ActuaLitté shares its most beautiful readings

It was time to celebrate, it is now time to take stock. Giving in to the traditional retrospective, the editorial journalists answered this terrible question: if there were only one left, what would be your reading of the year? Discover the editorial staff’s favorites, without looking at the calendar or current events.

The choice of Hocine Bouhadjera

Taxi Girl wasn’t just another band at the heart of thea new wave from the early post-punk years; it was a tumultuous echo of Rimbaud and Burroughs. Mirwais Ahmadzai, the band’s guitarist, portrayed in Taxi-Girl – 1978-1981 (Editions Séguier), these years of vibrant chaos, marked by the rise of what he proclaimed “ the best band in the world “. And against all odds, he’s not wrong…

CHRONICLE – Why Taxi Girl is the most romantic French group

Through a fragmented, slang story, sometimes experimentally written, the musician-writer recounts a sublime bankruptcy, a heroic disillusionment and an antediluvian era. But how did Taxi Girl prove to be different from other punk groups of the time, and even in success, from the outsiders?
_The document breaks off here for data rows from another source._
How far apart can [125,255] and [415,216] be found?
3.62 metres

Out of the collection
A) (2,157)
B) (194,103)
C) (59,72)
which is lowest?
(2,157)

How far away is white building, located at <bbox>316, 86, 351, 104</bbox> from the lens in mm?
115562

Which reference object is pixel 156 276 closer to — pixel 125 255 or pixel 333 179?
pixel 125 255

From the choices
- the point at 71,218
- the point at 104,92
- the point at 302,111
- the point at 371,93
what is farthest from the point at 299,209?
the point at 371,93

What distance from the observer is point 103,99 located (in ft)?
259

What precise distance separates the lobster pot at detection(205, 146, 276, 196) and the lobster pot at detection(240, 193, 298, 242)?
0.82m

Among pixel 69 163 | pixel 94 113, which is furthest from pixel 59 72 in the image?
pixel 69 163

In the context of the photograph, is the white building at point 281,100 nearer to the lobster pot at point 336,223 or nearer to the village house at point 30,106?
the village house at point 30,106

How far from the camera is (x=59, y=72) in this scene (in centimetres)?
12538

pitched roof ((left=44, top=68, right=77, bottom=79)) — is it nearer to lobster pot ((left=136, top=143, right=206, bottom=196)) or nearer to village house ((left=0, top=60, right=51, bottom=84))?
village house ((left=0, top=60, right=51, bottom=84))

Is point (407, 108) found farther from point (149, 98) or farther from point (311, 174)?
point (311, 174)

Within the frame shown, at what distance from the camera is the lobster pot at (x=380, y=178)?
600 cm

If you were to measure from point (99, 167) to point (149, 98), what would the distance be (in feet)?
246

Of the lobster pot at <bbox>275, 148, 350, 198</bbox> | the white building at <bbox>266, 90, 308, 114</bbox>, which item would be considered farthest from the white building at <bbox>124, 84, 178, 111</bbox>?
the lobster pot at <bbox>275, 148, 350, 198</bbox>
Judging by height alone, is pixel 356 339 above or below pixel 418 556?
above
The tragedy of its trajectory, the personality of each of its members, especially its singer, who ostensibly showed that he was a true…
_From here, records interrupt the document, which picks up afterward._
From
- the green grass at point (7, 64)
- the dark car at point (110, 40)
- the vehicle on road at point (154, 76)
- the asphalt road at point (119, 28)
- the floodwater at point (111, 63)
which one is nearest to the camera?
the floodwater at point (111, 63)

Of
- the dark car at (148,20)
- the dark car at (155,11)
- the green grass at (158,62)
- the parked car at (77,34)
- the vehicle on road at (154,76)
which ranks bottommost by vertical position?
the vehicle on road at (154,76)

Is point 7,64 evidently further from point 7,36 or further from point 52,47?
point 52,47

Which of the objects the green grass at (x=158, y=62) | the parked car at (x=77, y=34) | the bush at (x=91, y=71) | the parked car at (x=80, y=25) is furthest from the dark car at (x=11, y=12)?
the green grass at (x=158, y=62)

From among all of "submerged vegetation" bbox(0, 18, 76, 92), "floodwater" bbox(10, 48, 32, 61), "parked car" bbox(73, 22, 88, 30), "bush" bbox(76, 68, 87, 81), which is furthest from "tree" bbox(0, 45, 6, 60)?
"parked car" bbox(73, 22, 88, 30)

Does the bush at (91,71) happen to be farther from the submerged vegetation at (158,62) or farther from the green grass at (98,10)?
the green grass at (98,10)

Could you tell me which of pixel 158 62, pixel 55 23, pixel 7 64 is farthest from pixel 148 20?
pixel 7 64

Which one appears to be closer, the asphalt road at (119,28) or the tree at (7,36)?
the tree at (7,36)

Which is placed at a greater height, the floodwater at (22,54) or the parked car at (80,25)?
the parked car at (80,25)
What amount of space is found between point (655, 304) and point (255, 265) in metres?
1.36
Taxi-Girl – 1978-1981, by Mirwais Ahmadzai published by Séguier (2024)

The choice of Antoine Oury

The reopening of Notre-Dame should have brought to light this text readable for the first time in French thanks to the much too little-known editions of Typhoon. Published in 1991, Muncastera short novel by the British Robert Westall, translated by Benjamin Kuntzer, evokes the very particular project undertaken by an experienced rope access technician: renovating a cathedral.

Nothing will go as planned, obviously: Muncaster is a diabolically mastered construction in which nothing is missing. Neither mystery, nor suspense, nor cold and insidious horror. A discovery that makes you want to dive straight into the rest of Westall’s work: quickly, other translations!
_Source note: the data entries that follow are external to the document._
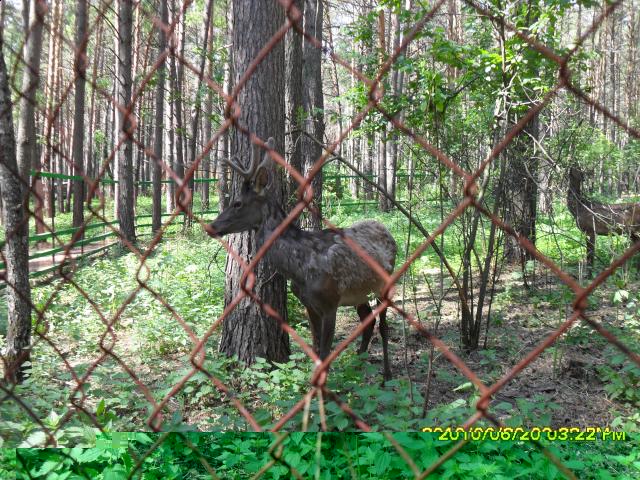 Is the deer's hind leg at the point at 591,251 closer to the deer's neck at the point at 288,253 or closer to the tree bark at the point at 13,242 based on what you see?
the deer's neck at the point at 288,253

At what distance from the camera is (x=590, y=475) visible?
9.39ft

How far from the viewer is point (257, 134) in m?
4.82

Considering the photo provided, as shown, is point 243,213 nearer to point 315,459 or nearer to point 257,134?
point 257,134

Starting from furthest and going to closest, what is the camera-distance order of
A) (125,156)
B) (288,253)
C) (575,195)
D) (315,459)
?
(125,156) < (575,195) < (288,253) < (315,459)

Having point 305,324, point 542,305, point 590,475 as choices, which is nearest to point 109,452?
point 590,475

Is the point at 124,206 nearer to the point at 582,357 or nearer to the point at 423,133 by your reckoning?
the point at 423,133

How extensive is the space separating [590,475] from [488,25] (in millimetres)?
4315

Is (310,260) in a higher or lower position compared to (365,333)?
higher

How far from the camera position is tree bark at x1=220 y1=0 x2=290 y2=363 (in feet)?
15.7

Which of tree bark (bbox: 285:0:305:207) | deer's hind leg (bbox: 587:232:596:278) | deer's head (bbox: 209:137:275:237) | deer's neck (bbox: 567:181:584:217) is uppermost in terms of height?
tree bark (bbox: 285:0:305:207)

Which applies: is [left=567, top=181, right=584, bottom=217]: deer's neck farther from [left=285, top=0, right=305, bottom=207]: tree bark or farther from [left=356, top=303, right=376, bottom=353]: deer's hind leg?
[left=285, top=0, right=305, bottom=207]: tree bark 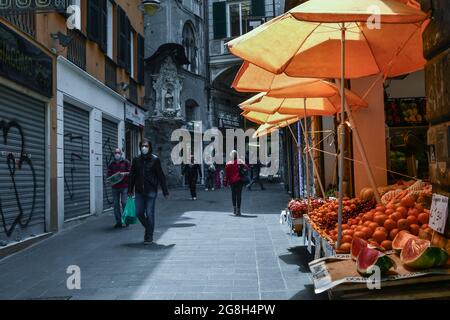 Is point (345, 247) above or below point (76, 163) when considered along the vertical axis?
below

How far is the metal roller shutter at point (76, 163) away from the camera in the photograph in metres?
10.9

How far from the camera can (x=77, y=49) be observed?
11.5 meters

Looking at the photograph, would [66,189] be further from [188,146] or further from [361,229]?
[188,146]

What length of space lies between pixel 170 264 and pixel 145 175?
214cm

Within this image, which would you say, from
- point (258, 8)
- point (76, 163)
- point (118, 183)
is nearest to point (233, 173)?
point (118, 183)

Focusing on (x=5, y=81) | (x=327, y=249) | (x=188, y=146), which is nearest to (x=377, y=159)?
(x=327, y=249)

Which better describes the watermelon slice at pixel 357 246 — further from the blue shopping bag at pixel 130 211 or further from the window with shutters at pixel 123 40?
the window with shutters at pixel 123 40

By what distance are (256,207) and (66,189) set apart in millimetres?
6061

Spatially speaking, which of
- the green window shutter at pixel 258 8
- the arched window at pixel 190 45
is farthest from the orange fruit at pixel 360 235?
the green window shutter at pixel 258 8

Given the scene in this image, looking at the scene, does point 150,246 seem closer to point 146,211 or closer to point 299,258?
point 146,211

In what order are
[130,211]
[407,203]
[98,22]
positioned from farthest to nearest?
1. [98,22]
2. [130,211]
3. [407,203]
The choice of Nicolas Gary

Vampires exert this indescribable fascination in that as dead creatures, they move among the living – and in this way, fall into the Undead category. But their subsistence passes through this duality of the monster which feeds on humans, on a vanished humanity.

Arnaud Esquerre thus explores the evolution of the concept of “ vampire » since its appearance in Europe in the 18th century in his essay This is how vampires move(Fayard, 2022). Questioning death and immortality, sexuality as well as desire, interdependence – whether exploitation, parasitism or even symbiotic? — the vampire is this dark side which sends us back to religious decline, therefore the ostracization of the foreigner.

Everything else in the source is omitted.